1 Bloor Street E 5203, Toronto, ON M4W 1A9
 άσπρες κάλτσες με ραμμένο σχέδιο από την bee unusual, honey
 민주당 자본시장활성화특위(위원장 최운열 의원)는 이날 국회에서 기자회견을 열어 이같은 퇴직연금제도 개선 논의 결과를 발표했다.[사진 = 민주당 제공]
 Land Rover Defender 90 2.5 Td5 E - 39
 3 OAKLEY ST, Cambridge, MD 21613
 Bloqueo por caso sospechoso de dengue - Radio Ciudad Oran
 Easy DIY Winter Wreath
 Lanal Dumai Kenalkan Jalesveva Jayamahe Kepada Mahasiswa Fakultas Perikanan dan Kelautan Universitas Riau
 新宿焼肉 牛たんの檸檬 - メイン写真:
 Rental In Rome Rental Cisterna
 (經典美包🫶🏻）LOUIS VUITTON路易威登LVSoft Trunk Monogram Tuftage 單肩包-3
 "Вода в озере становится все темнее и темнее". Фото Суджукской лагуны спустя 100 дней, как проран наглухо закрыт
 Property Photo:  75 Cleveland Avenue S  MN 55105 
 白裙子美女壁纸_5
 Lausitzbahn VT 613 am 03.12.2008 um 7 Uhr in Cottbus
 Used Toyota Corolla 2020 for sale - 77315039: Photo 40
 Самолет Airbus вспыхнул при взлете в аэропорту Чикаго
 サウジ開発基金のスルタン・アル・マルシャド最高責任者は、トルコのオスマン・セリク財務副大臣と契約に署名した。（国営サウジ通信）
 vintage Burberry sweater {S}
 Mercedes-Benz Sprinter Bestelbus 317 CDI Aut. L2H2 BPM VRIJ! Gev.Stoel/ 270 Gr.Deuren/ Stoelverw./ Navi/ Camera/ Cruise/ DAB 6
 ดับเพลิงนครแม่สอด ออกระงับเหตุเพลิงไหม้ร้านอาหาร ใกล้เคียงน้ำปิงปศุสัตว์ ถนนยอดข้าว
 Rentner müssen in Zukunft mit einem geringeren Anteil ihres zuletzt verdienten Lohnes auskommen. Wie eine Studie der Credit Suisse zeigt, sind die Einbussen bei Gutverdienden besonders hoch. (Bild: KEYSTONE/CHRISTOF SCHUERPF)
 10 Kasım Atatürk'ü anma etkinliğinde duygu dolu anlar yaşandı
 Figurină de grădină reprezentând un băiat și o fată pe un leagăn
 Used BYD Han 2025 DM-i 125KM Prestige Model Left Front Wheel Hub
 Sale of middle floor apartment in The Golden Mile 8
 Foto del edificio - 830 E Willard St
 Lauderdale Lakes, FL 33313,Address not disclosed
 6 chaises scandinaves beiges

**About this task**
Print exactly the lines above, between the one holding "Lanal Dumai Kenalkan" and the one holding "Used BYD Han", inclusive, and nothing besides.

**Result of this exercise**
 Lanal Dumai Kenalkan Jalesveva Jayamahe Kepada Mahasiswa Fakultas Perikanan dan Kelautan Universitas Riau
 新宿焼肉 牛たんの檸檬 - メイン写真:
 Rental In Rome Rental Cisterna
 (經典美包🫶🏻）LOUIS VUITTON路易威登LVSoft Trunk Monogram Tuftage 單肩包-3
 "Вода в озере становится все темнее и темнее". Фото Суджукской лагуны спустя 100 дней, как проран наглухо закрыт
 Property Photo:  75 Cleveland Avenue S  MN 55105 
 白裙子美女壁纸_5
 Lausitzbahn VT 613 am 03.12.2008 um 7 Uhr in Cottbus
 Used Toyota Corolla 2020 for sale - 77315039: Photo 40
 Самолет Airbus вспыхнул при взлете в аэропорту Чикаго
 サウジ開発基金のスルタン・アル・マルシャド最高責任者は、トルコのオスマン・セリク財務副大臣と契約に署名した。（国営サウジ通信）
 vintage Burberry sweater {S}
 Mercedes-Benz Sprinter Bestelbus 317 CDI Aut. L2H2 BPM VRIJ! Gev.Stoel/ 270 Gr.Deuren/ Stoelverw./ Navi/ Camera/ Cruise/ DAB 6
 ดับเพลิงนครแม่สอด ออกระงับเหตุเพลิงไหม้ร้านอาหาร ใกล้เคียงน้ำปิงปศุสัตว์ ถนนยอดข้าว
 Rentner müssen in Zukunft mit einem geringeren Anteil ihres zuletzt verdienten Lohnes auskommen. Wie eine Studie der Credit Suisse zeigt, sind die Einbussen bei Gutverdienden besonders hoch. (Bild: KEYSTONE/CHRISTOF SCHUERPF)
 10 Kasım Atatürk'ü anma etkinliğinde duygu dolu anlar yaşandı
 Figurină de grădină reprezentând un băiat și o fată pe un leagăn
 Used BYD Han 2025 DM-i 125KM Prestige Model Left Front Wheel Hub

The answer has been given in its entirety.